Well your standing heart rate certainly sounds like it could be POTS. I have a app called Heart rate which is actually really quite accurate, you just place your finger over your camera lens and it monitors it for you. I didn’t think it would work at first but it matched with my blood pressure machine. That way you can see the difference between your resting HR and standing HR.
That has been going on a very long time for you, it will be a relief to finally have a proper diagnosis and to hopefully find a treatment to suit you. I asked for a referral to Dr Tushar Salukhe in London as he was on the POTS UK website, I was in the room with him for all of about 5 mins. Because I already had a diagnosis and I was already doing lots of what I was meant to be doing already, he seemed all arsey because I knew so much about it. But if it wasn’t for me and my research I would still be stuck with thinking I had CFS. He put me on medication to try and that was it, was a very long and stressful day just for a 5 minute consultation, but then that’s the NHS for you.

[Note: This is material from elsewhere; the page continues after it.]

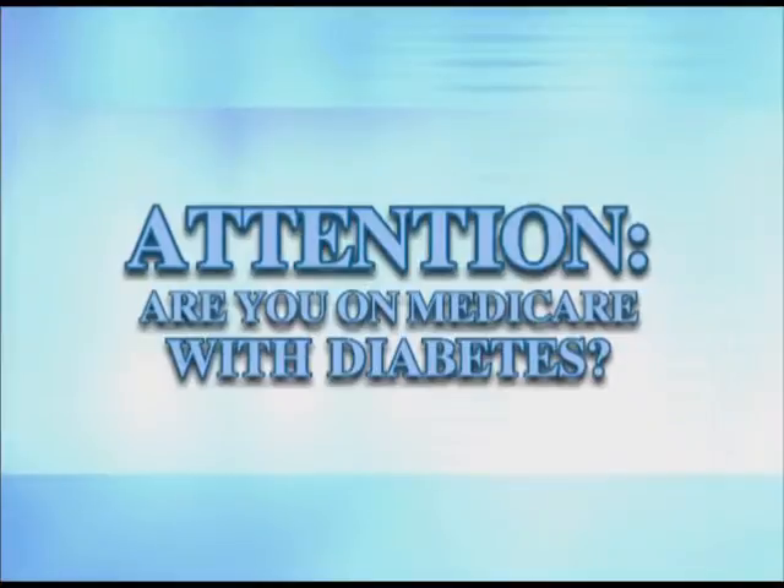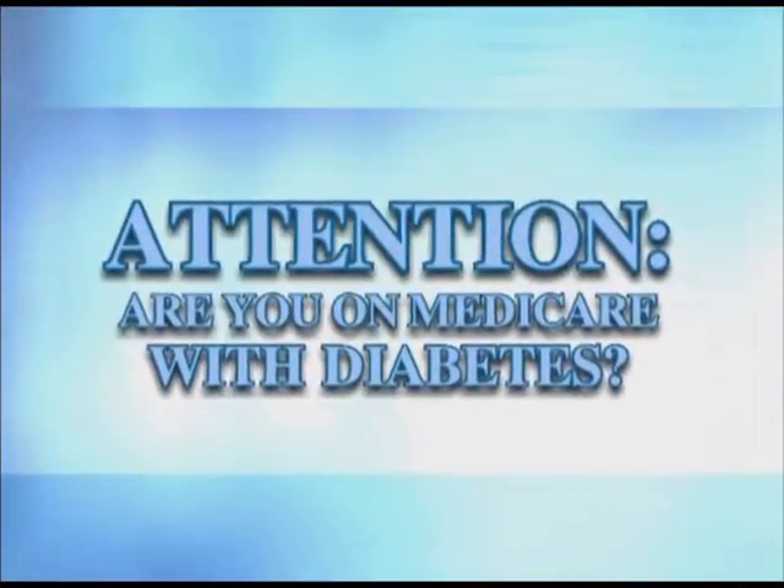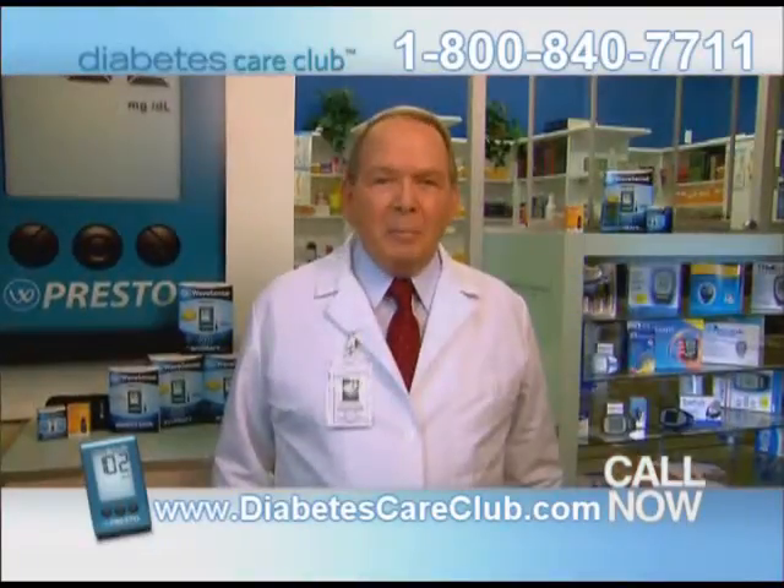Attention — if you're on Medicare with diabetes, you may be eligible for an upgraded meter. Results from testing my blood glucose were often wrong. I'd have to code my meter. If you're on Medicare with diabetes, then you need to know about the newest methods in checking your blood glucose.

Sarah 🙂October 31, 2014 at 8:38 am #5095
Hi Sarah, thanks and I totally understand your frustration. I could talk for hours about the attitude of some doctors. I have never forgiven a consultant I saw many years ago who couldn’t find out what was wrong with me so decided I must have an eating disorder because I was thin and he basically told me to pull my socks up. So in his opinion it was my fault I was ill. I always eat well but at that age I didn’t put on weight and neither did food give me energy. I found out later that I am gluten intolerant and wasn’t absorbing food properly.
I am sorry to hear that the specialist wasn’t more helpful. There are some doctors on that list in Ashford, Kent and if I get the chance to get a referral I hope to go there as it’s less hassle than going to London which we have to do quite often for our son.
I would like to get a copy of Dr Diana’s book but as far as I can see it is just for download at the moment. Have you read it? It would be good to have a hard copy to lend to my doctor if the information proves relevant to me.
You should be really proud of yourself for finding out what is wrong with you and pushing for recognition and treatment. It is so unfair to have to fight the system on top of dealing with chronic illness.